Nova lei que altera as relações de Direito Privado durante a pandemia é sancionada

O texto final encaminhado à Presidência da República pelo Congresso foi sancionado com vetos aos artigos 4º, 6º, 7º, 9º, 11, 17, 18 e 19, que tratavam dos seguintes temas: (i) restrições à realização de reuniões e assembleias presenciais até 30 de outubro de 2020; (ii) disposições sobre resilição, resolução e revisão dos contratos; (iii) não concessão de liminar para desocupação de imóvel urbano nas ações de despejo; (iv) ampliação de poderes a síndicos de condomínios edilícios; e (v) diretrizes da política nacional de mobilidade urbana, que estipulava redução por empresas atuantes no transporte remunerado privado individual de passageiros, inclusive por aplicativos ou plataformas digitais, além de serviços e outorgas de táxi, de sua porcentagem de retenção do valor das viagens em ao menos 15% (quinze por cento) com o repasse dessa quantia ao motorista.

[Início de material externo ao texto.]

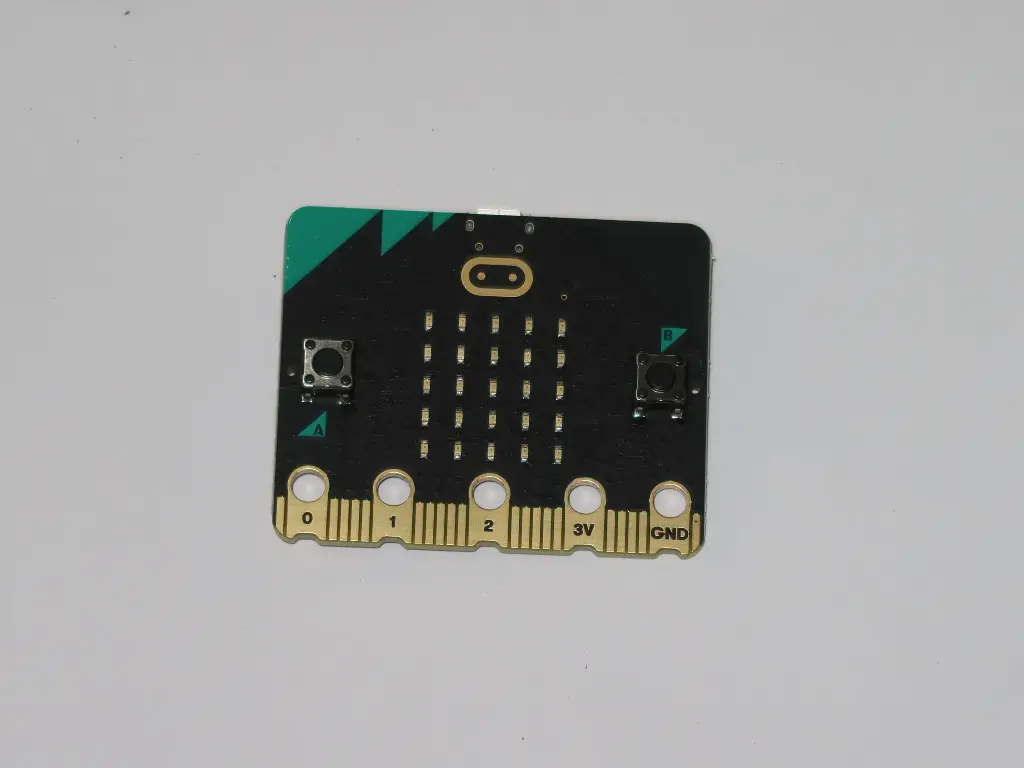 Placa de processamento principal (micro:bit)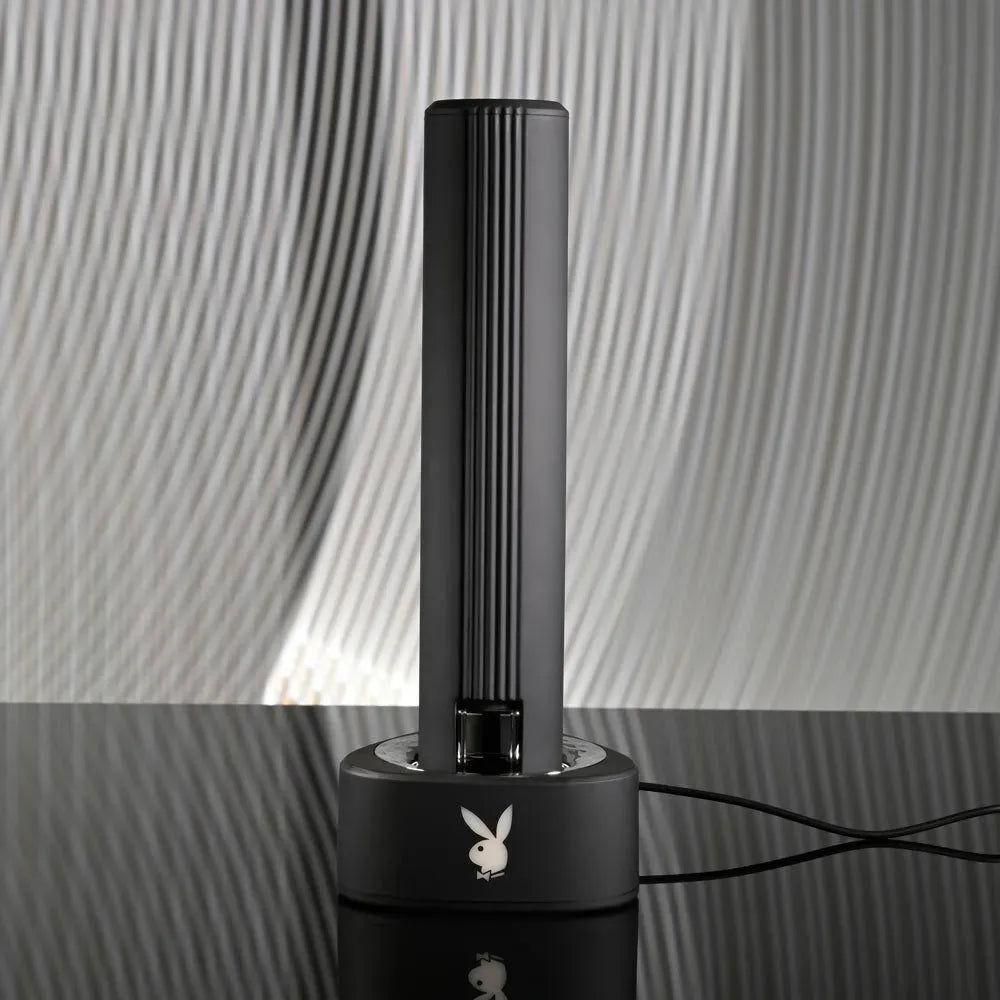 Playboy Pleasure PLEASURE ZONE - 21.4 cm Rechargeable Vibrator with USB Charging Dock - Take A Peek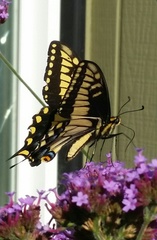 Papilio zelicaon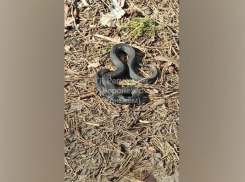 В Воронежской области начали просыпаться змеи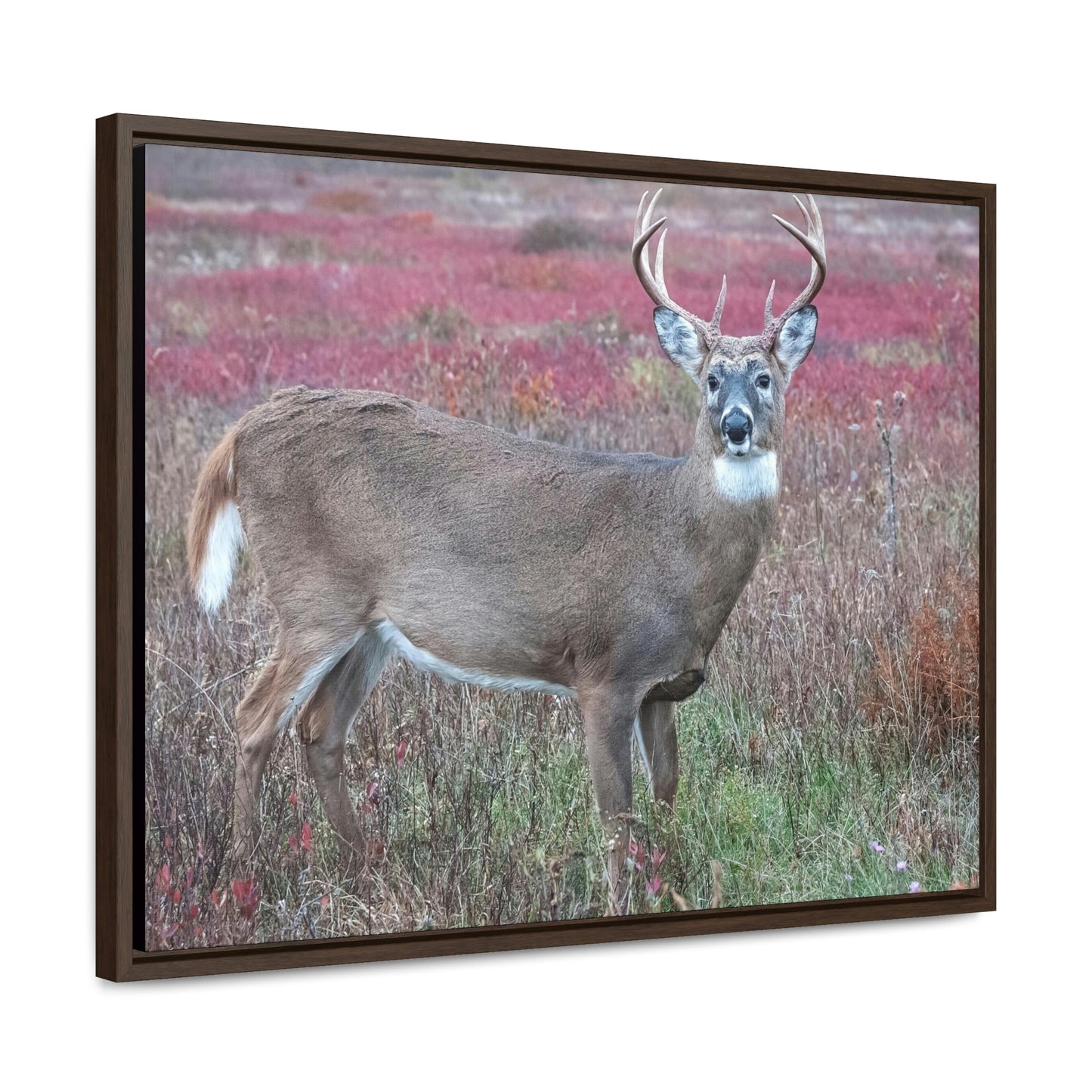 Horizontal Framed Premium Gallery Wrap Canvas - Celebrating the Great Smoky Mountain National Park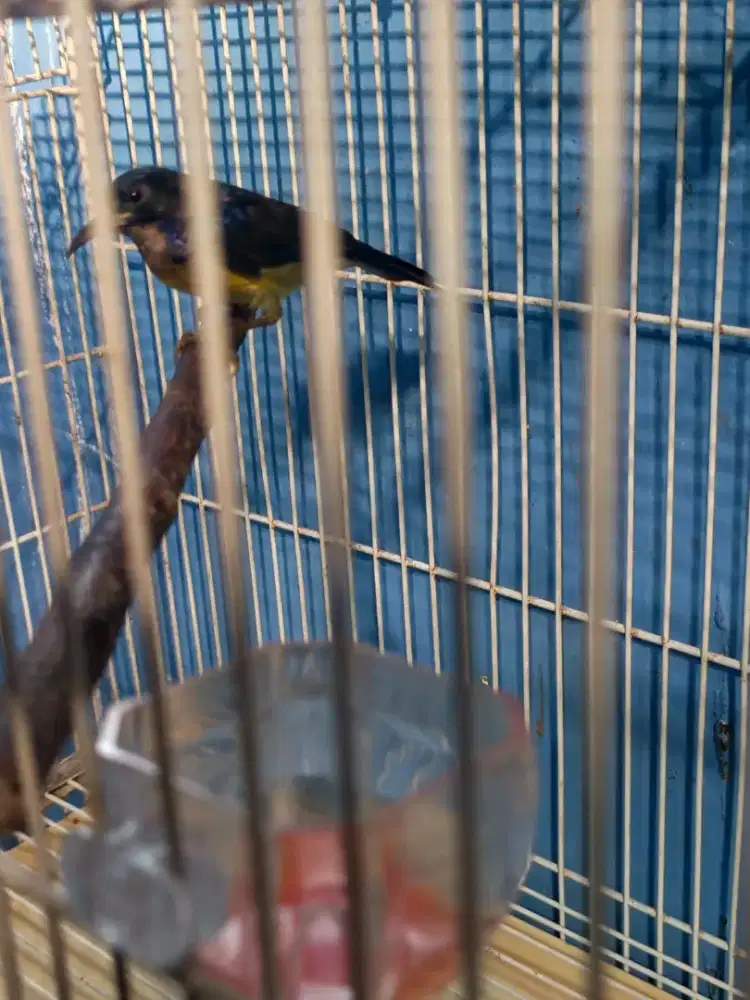 Kolibri kelapa bt/tt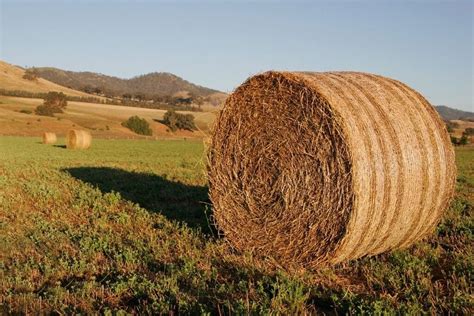 Round bales for sale | in Blairgowrie, Perth and Kinross | Gumtree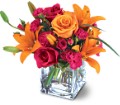 Teleflora's Uniquely Chic Bouquet in Centralia IL Ross Flower Shop
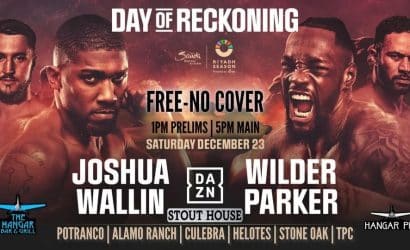 Joshua &ndash; Wallin typy i kursy bukmacherskie (23.12.2023)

O Projeto de Lei foi originalmente apresentado pelo Senador Antônio Anastasia (PSD-MG) em 30.03.2020 e contou com a relatoria da Senadora Simone Tebet (MDB-MS) e do Deputado Enrico Misasi (PV-SP) nas respectivas casas legislativas. Dentre outros, o PL teve a colaboração do presidente do STF, Min. Dias Toffoli, e a coordenação técnica do Min. Antônio Carlos Ferreira (STJ) e do Prof. Otávio Luiz Rodrigues Jr. (USP).

O texto aprovado pelo Congresso Nacional continha disposições que teriam impacto direto nas relações empresariais, a fim de conferir maior segurança e previsibilidade às decisões judiciais, a exemplo das que regulavam os efeitos da pandemia para fins de revisão ou extinção dos contratos. Também veiculava normas para preservação de contratos durante a pandemia, como as que proibiam a concessão de liminares em ações de despejo. Porém, os vetos enxugaram significativamente o Projeto de Lei.

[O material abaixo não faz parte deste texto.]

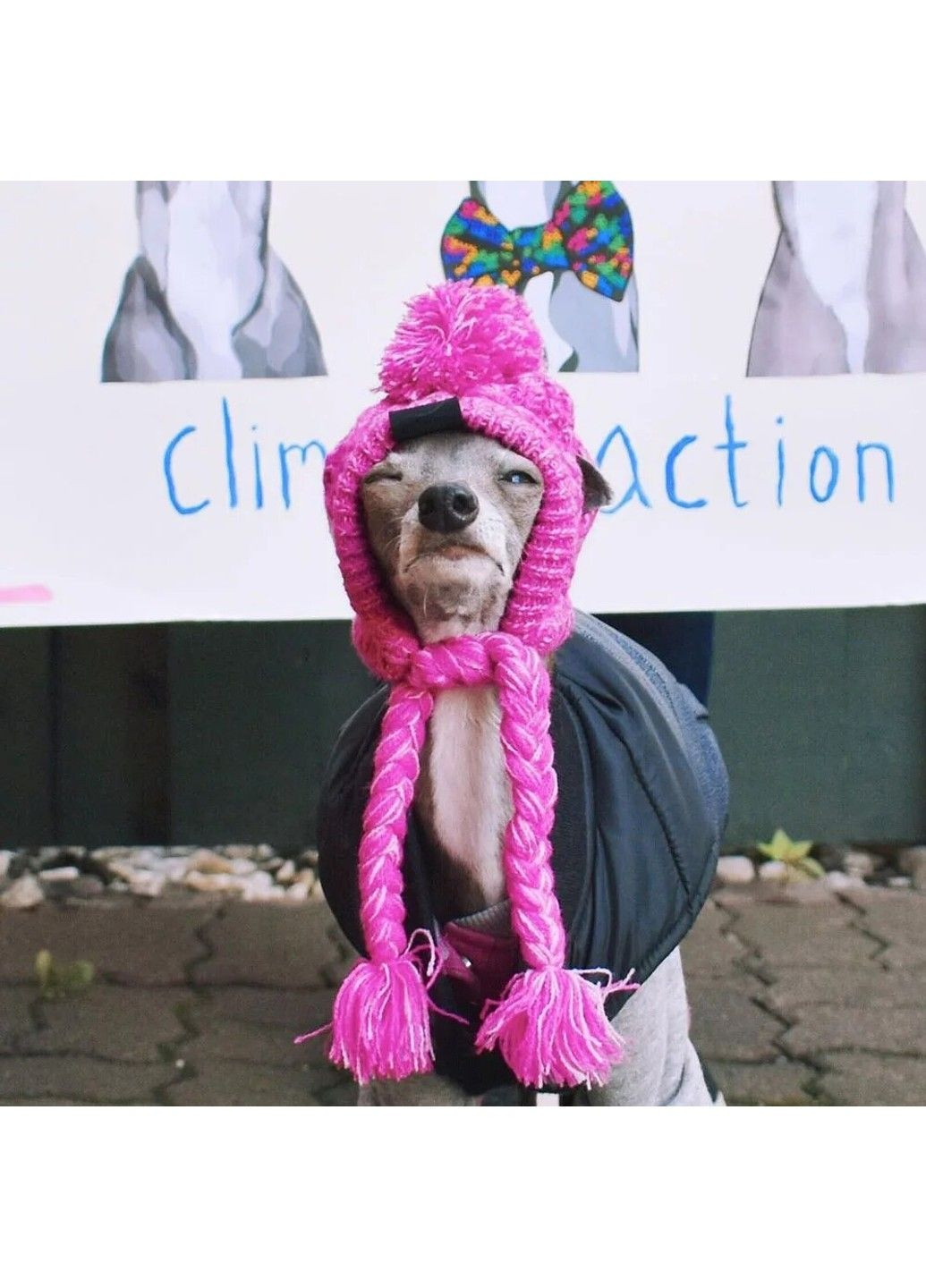 Шапка для собак и кошек "Beauty" Pink Size S Xtep (319664453)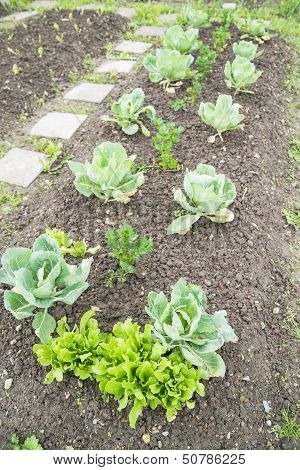 White Cabbage and Lettuce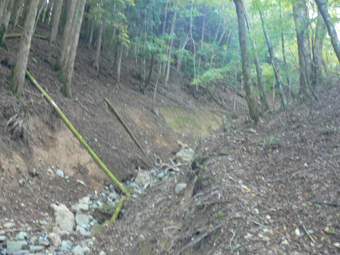 登山道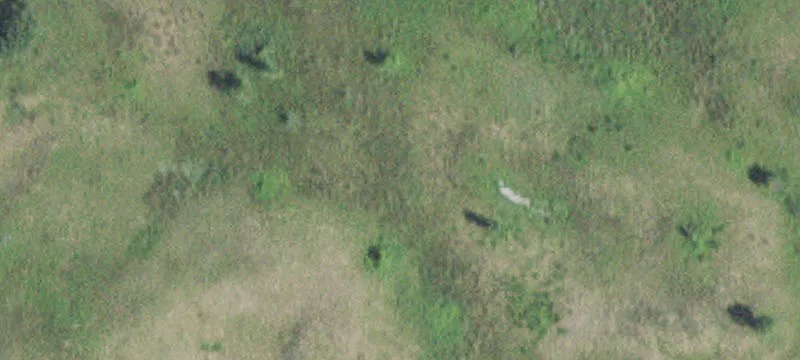 Kellogg, MN 55945
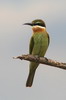 Gupier de Madagascar (Merops superciliosus) - Ethiopie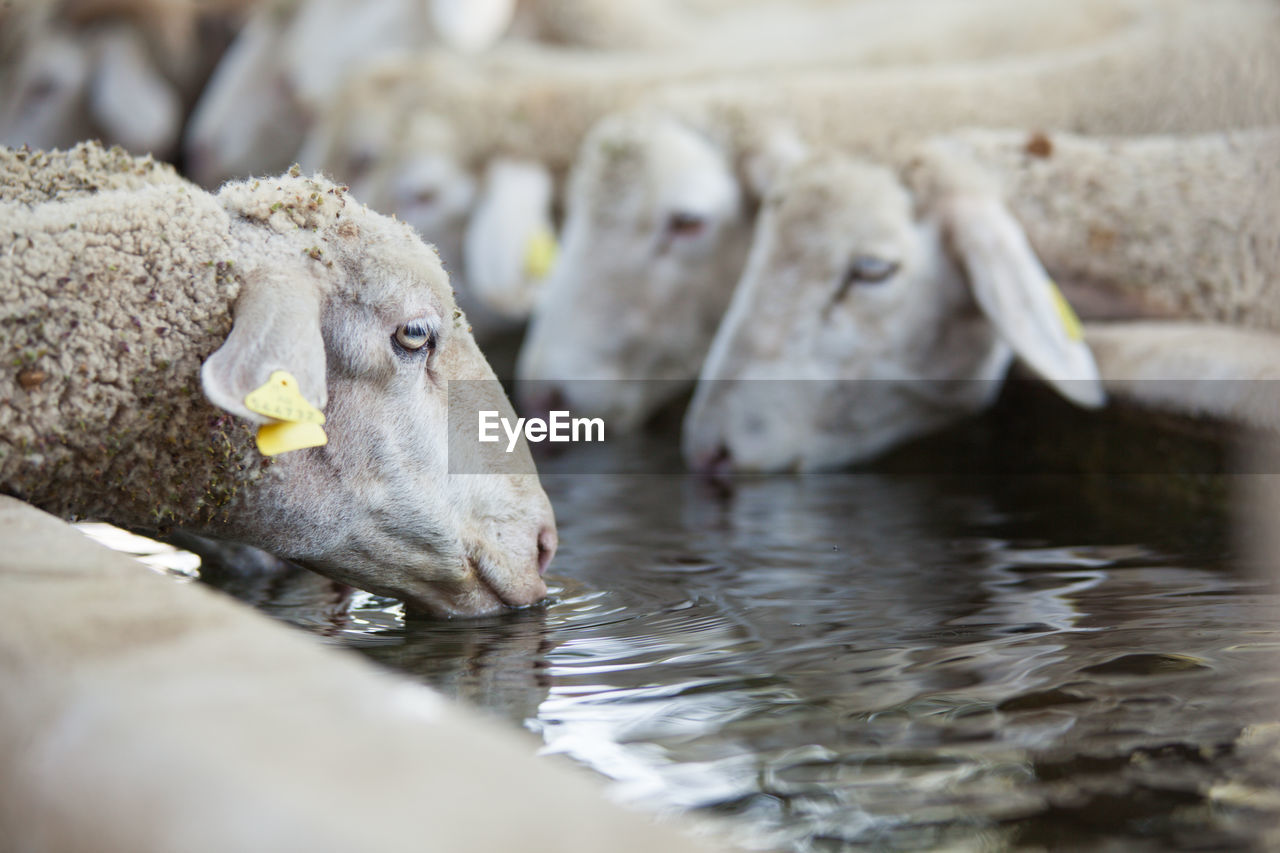 Close-up of sheeps drinking water at ranch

Ainda assim, a Lei n. 14.010/2020 contém importantes disposições sobre matérias como prescrição e assembleias. Além disso, o novo diploma trata de questões para além da atividade empresarial, como a prisão de devedores de pensão alimentícia.

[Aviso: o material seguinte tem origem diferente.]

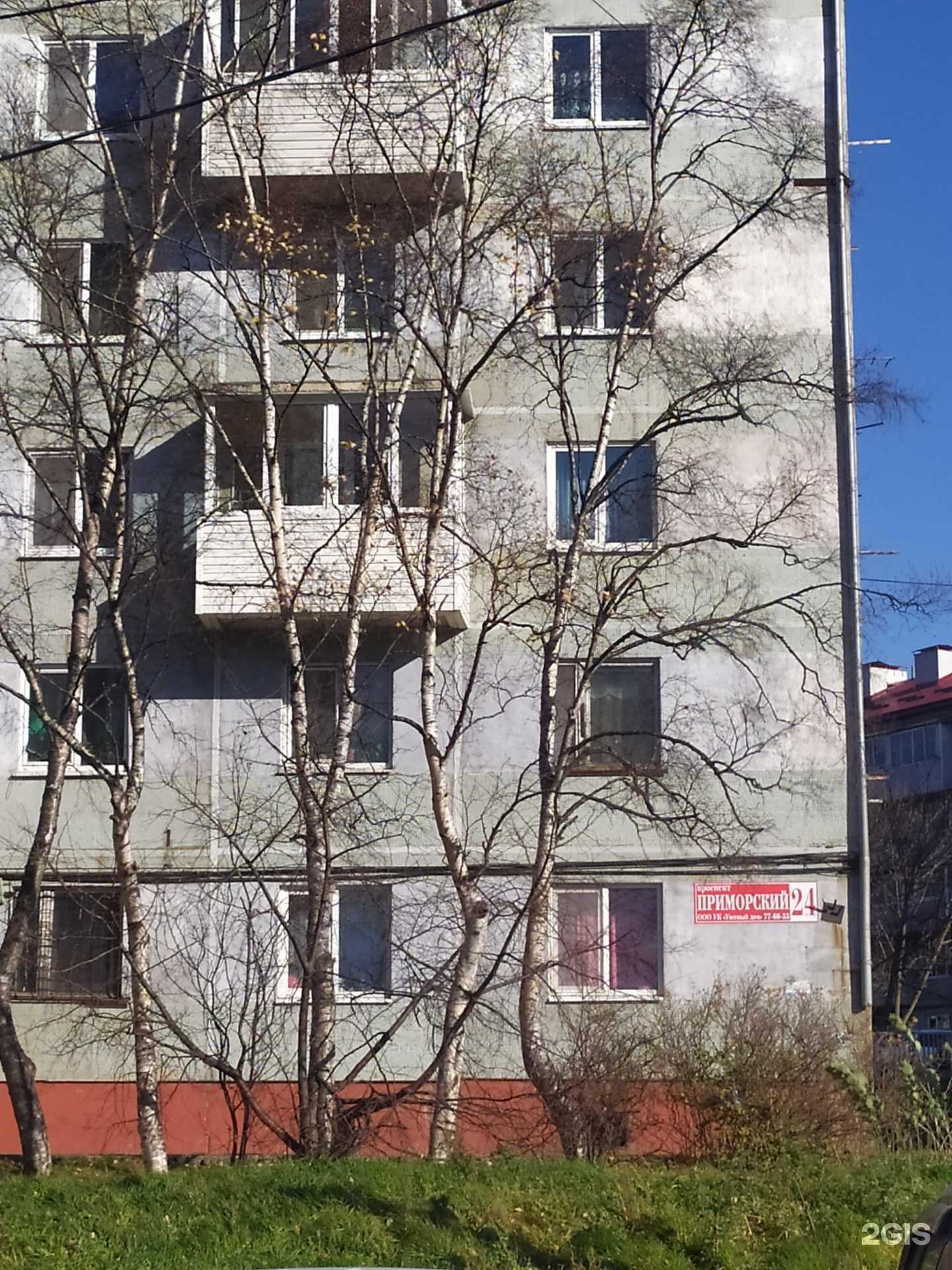 Отзывы на компанию Библиотека №9 в Находке c фото - фотография 2 из 2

Os vetos podem ser rejeitados por maioria absoluta dos Deputados e Senadores em sessão conjunta do Congresso, que terá 30 dias para deliberar a respeito.

Neste Informa Cescon Barrieu, resumimos os principais aspectos da nova lei.

DISPOSIÇÕES GERAIS

Marco inicial da pandemia: a Lei n. 14.010/2020 considera o dia 20 de março de 2020 como marco inicial dos eventos derivados da pandemia de Covid-19.

Caráter transitório e emergencial: não há revogação ou alteração de normas cuja aplicação esteja suspensa pela Lei n. 14.010/2020.

PRESCRIÇÃO E DECADÊNCIA

Suspensão e impedimento dos prazos: os prazos prescricionais e decadenciais ficarão suspensos ou impedidos, conforme o caso, até 30 de outubro de 2020. Com isso, será instituída uma pausa geral na prescrição e decadência.

Por exemplo, se um empresário tinha uma pretensão de cobrança de dívida prestes a prescrever, seu prazo foi suspenso e só voltará a correr em 31 de outubro.

Assim, o credor poderá aguardar o final da pandemia para tomar as medidas cabíveis, ficando protegido contra as dificuldades operacionais inerentes ao distanciamento. Dá-se um fôlego para que a parte se prepare adequadamente para exigir seus direitos.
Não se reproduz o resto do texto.